▸ Supplied material
....
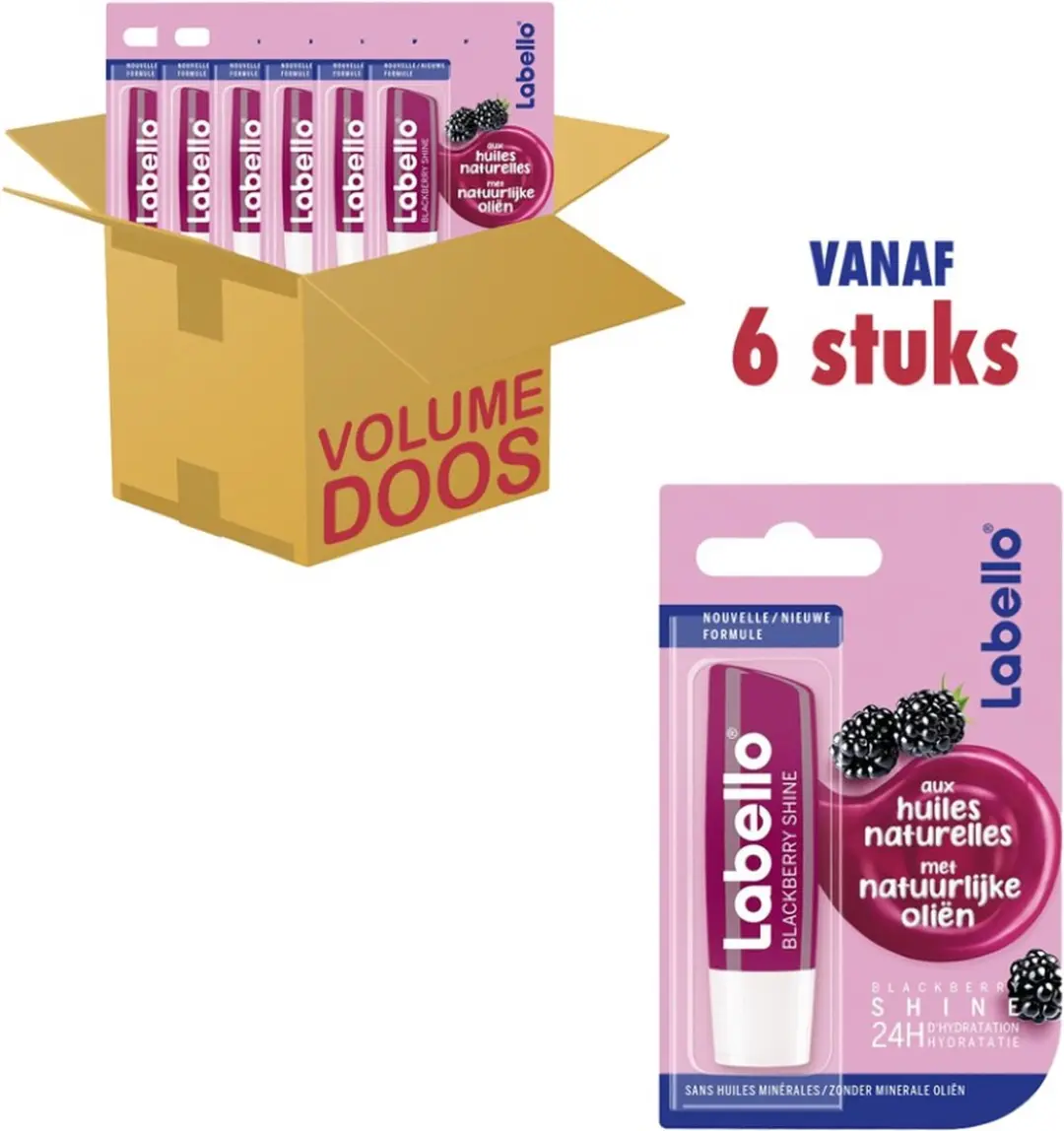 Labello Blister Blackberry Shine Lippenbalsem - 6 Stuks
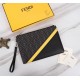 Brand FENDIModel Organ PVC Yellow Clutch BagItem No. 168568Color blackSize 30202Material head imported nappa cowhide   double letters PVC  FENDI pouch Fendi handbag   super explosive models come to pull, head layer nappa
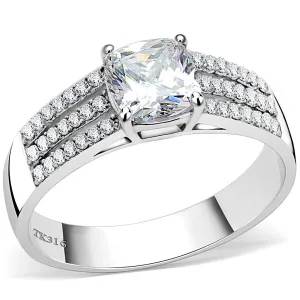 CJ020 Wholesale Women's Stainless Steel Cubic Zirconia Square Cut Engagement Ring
....
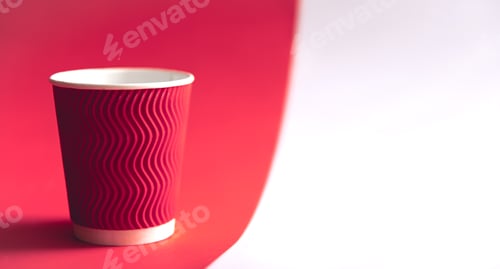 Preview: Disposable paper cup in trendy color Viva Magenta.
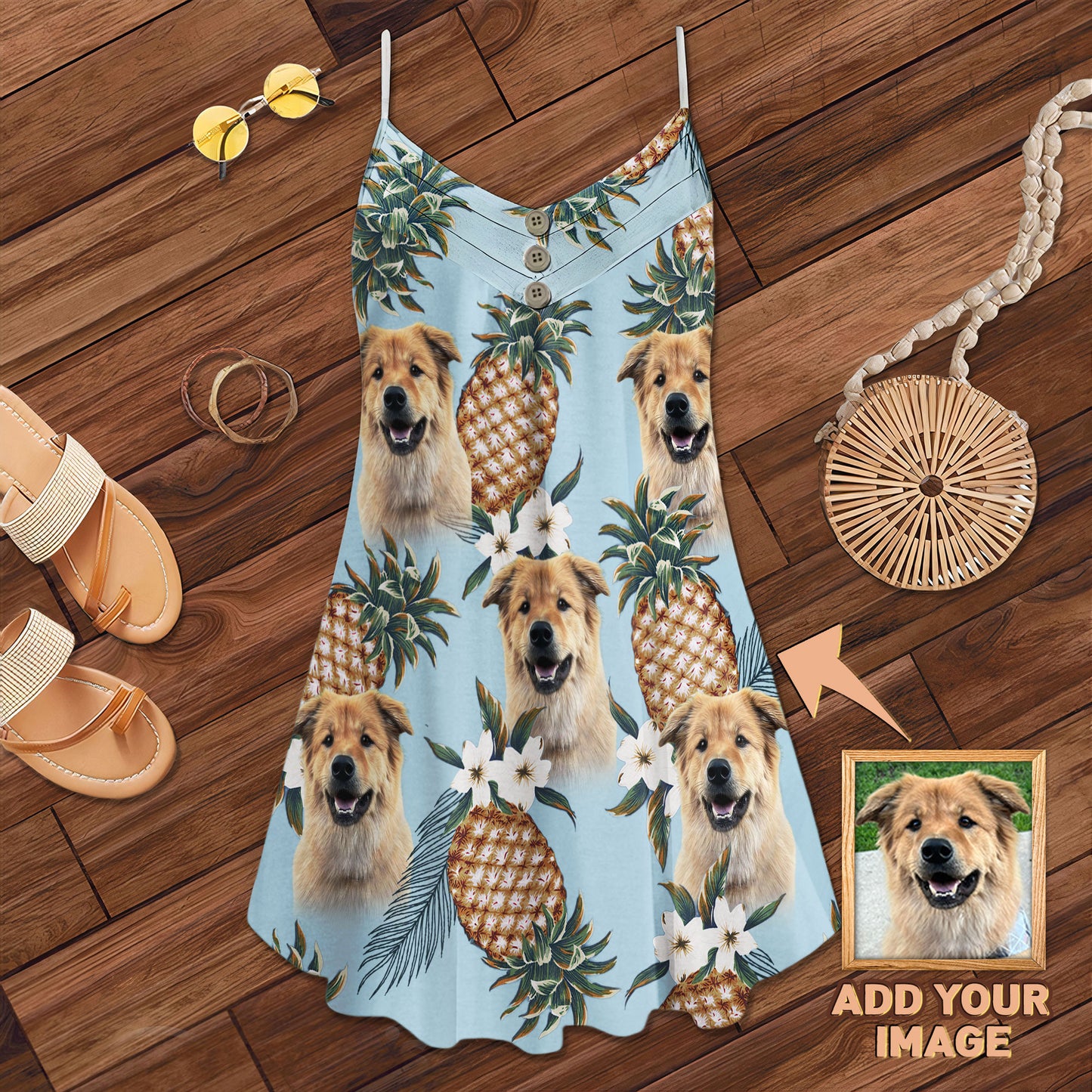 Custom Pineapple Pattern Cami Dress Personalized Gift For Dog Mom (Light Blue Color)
....
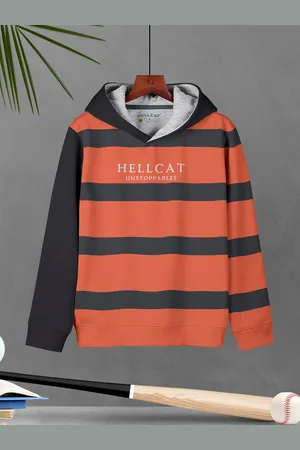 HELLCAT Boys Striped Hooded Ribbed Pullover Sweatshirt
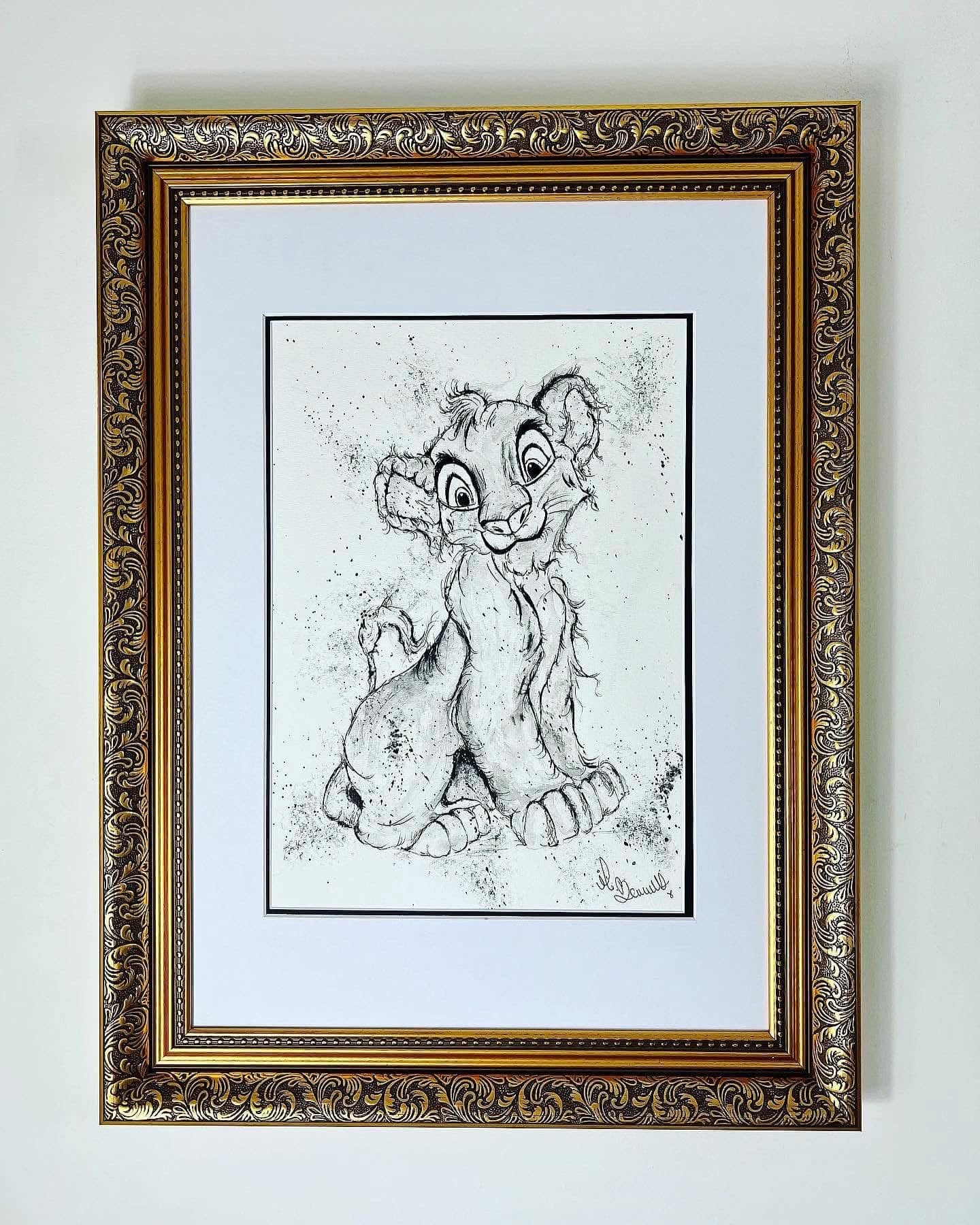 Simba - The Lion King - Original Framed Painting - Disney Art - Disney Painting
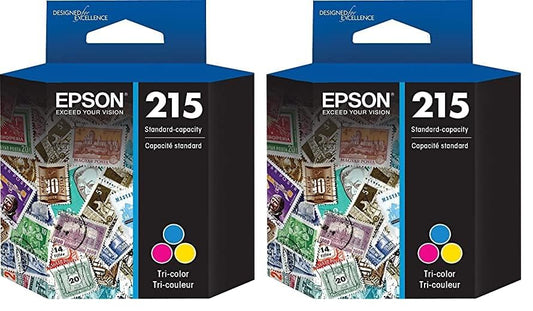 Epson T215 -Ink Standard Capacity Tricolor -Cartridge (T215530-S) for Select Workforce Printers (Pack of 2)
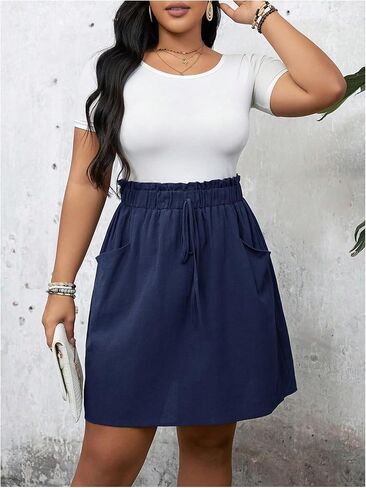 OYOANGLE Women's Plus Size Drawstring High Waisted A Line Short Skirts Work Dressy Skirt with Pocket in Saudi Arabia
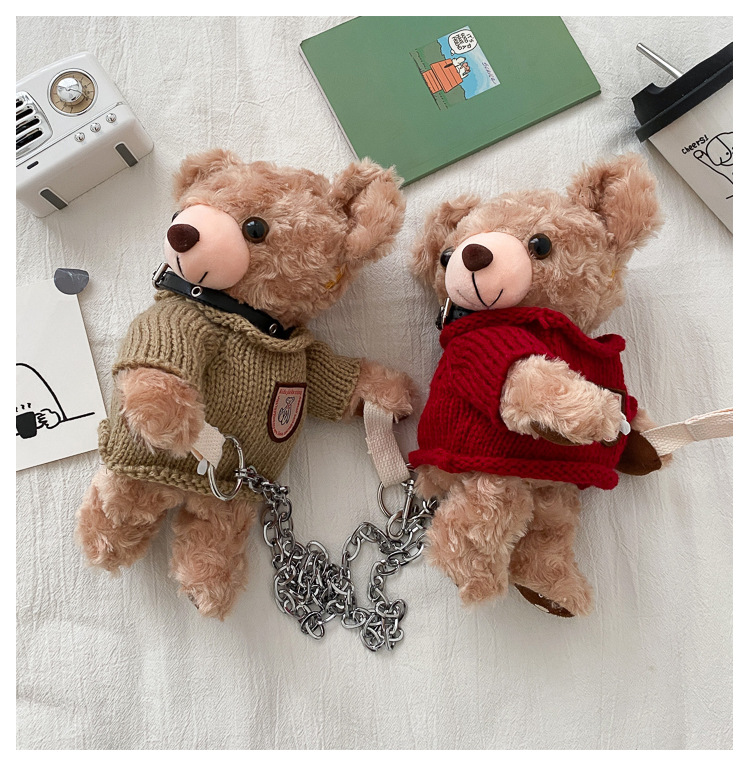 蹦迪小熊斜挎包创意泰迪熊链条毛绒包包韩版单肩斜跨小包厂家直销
....
▸ Exercise details
Where a picture appears in the records above, omit it, and transcribe exactly the stretch of lines from the one with "Labello Blister Blackberry" through the one with "Brand FENDIModel Organ".

▸ The completed task
 Labello Blister Blackberry Shine Lippenbalsem - 6 Stuks
 Brand FENDIModel Organ PVC Yellow Clutch BagItem No. 168568Color blackSize 30202Material head imported nappa cowhide   double letters PVC  FENDI pouch Fendi handbag   super explosive models come to pull, head layer nappa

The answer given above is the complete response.